Par ailleurs, le spectre de l’article 751 du CGI plane toujours si l’origine des fonds apportés par les enfants n’est pas déterminée. Il en résulterait au décès de l’usufruitier une réintégration de l’intégralité des parts sociales démembrées pour leur valeur en pleine propriété pour la liquidation des droits de succession.

En outre, avoir recours à un démembrement ab initio permet de faire l’économie d’une donation, événements générateurs de droits de mutation à titre gratuit, situation critiquable par l’administration fiscale. La jurisprudence administrative considère d’ailleurs que « les cessions de droits sociaux sont soumises à un droit d’enregistrement au taux de 5 % lorsqu’il s’agit de participation dans des sociétés à prépondérance immobilière, elle juge que la constitution d’usufruit sur les parts d’une telle société entre dans les prévisions de ce texte (CGI, art. 726, I-2°) et qu’il est sans incidence qu’en l’espèce, l’opération ait consisté en une constitution ab initio d’un usufruit par dissociation de la nue-propriété et non en une cession d’usufruit préexistant » (CA COLMAR, 7 nov. 2019, n° 18/02005).

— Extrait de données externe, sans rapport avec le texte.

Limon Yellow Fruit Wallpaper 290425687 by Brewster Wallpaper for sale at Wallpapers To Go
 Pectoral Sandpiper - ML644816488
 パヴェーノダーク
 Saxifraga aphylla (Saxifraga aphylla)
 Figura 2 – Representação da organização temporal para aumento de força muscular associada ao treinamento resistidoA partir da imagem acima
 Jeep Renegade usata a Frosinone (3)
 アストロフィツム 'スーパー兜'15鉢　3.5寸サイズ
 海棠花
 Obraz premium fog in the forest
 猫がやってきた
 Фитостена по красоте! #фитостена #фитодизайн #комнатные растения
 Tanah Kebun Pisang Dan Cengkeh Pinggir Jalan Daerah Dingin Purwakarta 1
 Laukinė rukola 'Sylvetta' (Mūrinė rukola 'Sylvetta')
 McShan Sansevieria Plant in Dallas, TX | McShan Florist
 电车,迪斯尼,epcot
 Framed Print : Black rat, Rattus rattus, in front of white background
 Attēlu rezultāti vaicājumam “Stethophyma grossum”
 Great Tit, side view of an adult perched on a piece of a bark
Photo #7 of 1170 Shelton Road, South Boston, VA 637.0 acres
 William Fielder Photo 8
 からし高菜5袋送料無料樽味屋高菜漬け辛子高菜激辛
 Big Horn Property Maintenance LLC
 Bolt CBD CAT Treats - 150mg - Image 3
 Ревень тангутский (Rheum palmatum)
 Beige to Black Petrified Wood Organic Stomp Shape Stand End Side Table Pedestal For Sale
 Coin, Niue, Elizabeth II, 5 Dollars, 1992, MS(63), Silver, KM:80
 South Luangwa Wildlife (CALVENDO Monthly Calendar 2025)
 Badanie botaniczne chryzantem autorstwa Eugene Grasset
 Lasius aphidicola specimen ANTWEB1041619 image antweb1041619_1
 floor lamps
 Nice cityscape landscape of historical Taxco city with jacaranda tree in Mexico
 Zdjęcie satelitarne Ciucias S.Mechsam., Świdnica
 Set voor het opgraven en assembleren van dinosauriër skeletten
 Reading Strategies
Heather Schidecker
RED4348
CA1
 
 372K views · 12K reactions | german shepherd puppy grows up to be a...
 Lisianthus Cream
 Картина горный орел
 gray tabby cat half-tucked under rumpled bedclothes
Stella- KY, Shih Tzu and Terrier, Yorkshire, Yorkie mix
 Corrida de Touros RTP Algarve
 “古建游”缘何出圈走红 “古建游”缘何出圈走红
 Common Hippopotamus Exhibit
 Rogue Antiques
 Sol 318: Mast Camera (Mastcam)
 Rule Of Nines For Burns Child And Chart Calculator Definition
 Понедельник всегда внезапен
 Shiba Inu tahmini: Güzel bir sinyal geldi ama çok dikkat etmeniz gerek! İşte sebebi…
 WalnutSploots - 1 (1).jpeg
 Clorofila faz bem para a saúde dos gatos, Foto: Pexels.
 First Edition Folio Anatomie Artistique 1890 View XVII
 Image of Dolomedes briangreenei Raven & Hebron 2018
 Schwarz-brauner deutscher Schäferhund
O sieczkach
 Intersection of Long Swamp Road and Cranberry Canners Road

Enfin, se pose la question du financement du bien par l’emprunt. En effet, le remboursement du capital d’un prêt pèse par principe sur le nu-propriétaire, l’usufruitier n’étant tenu qu’au paiement des intérêts de la dette (C. civ., art. 612). Dans l’hypothèse où les loyers du bien – revenant en principe à l’usufruitier – permettent de rembourser l’emprunt pesant sur le nu-propriétaire, tout du moins pour le capital, une donation pourrait être caractérisée. Quoiqu’il en soit, le compte courant d’associés résultant des avances de trésorerie versées par le défunt dans l’acquêt social constituerait un actif successoral taxable.

A retenir : Les difficultés fiscales liées au démembrement ab initio sont :

  • Qu’il encourt la critique sur le terrain de l’abus de droit ;
  • Que la présomption de l’article 751 du CGI s’applique au jour du décès des usufruitiers ;
  • Qu’ils existe des comptes courants d’associés ouverts au nom des usufruitiers.

Il est donc préférable de procéder à la constitution de la société par les parents, ceux-ci recevant des parts en pleine propriété pour ensuite réaliser une donation de la nue-propriété des parts sociales après immatriculation au profit de leurs enfants.